Barranco is known as a kind of Bohemian neighborhood, famous for a variety of bars and restaurants. We’ll see more of that in a bit, but for now, we were enjoying walking along the oceanside cliff on the rambla. There are several small parks along the way, even a dog park or two.
This part of Barranco, indeed all along the rambla, you find lots of high-rise apartments and condos, all taking advantage of the great views of the Pacific. As you might imagine, these homes are priced a little high. The cheapest one-bedroom places I found advertised were renting for about $1400 a month.
Next, we turned to the east to explore more of the center of the neighborhood. This was very different from the coast. We saw interesting architecture, and blocks of homes painted in bright colors, or decorated with wall murals.
Our goal was to reach the Puente de los Suspiros – the Bridge of Sighs – and find a nice place to eat lunch. We have visited the Bridge of Sighs in Venice, Italy, but this is a completely different deal. The one in Venice got its name as the last walk of prisoners destined to be tortured and/or imprisoned on the other side. In Lima, the bridge is named after the sighs of lovers. Completely different kind of sighing (at least, if you’re doing it right). Over time, the area around this bridge has become a focus of art, food and bars. We entered the park that surrounds this bridge, greeted by a giant ant.

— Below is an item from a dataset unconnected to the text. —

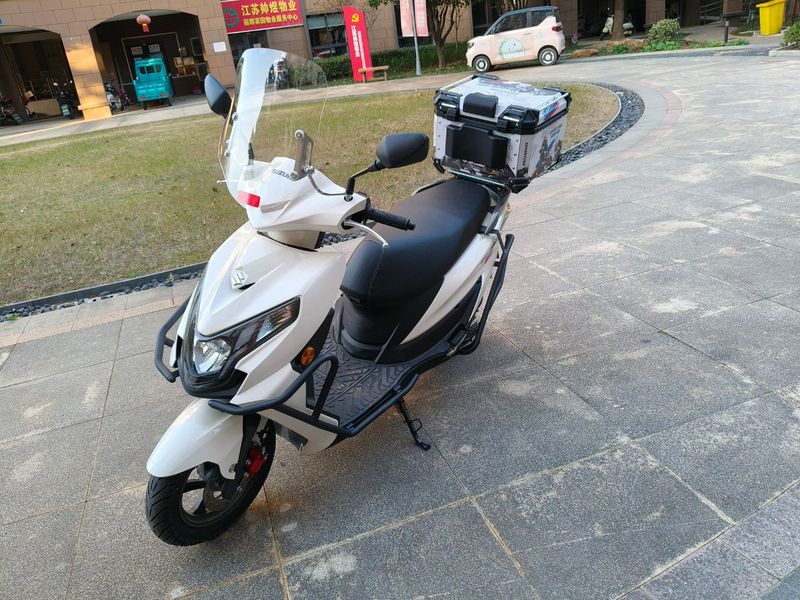 二手济南铃木优驿 UE125T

For pictures of the lunch we had at Javier’s Restaurant (sign in the distance above), see the Delicious Lima post.
Later that day, we walked east from our hotel and enjoyed the Parque Central de Miraflores and the adjacent Kennedy Park. We caught part of a flea market of sorts at the Kennedy Park, which is also interesting as it is a refuge for homeless cats. They were everywhere there, and it was clear that it was their park that they were reluctantly sharing with us.
On this walk, we did some shopping at the stores around the parks, including the Oecshle (your guess at pronunciation is as good as mine). We were impressed with the pricing in this commercial district (shopping is one of the things Miraflores is known for), and I was able to find name-brand blue jeans in my size for what converted to $32 a pair.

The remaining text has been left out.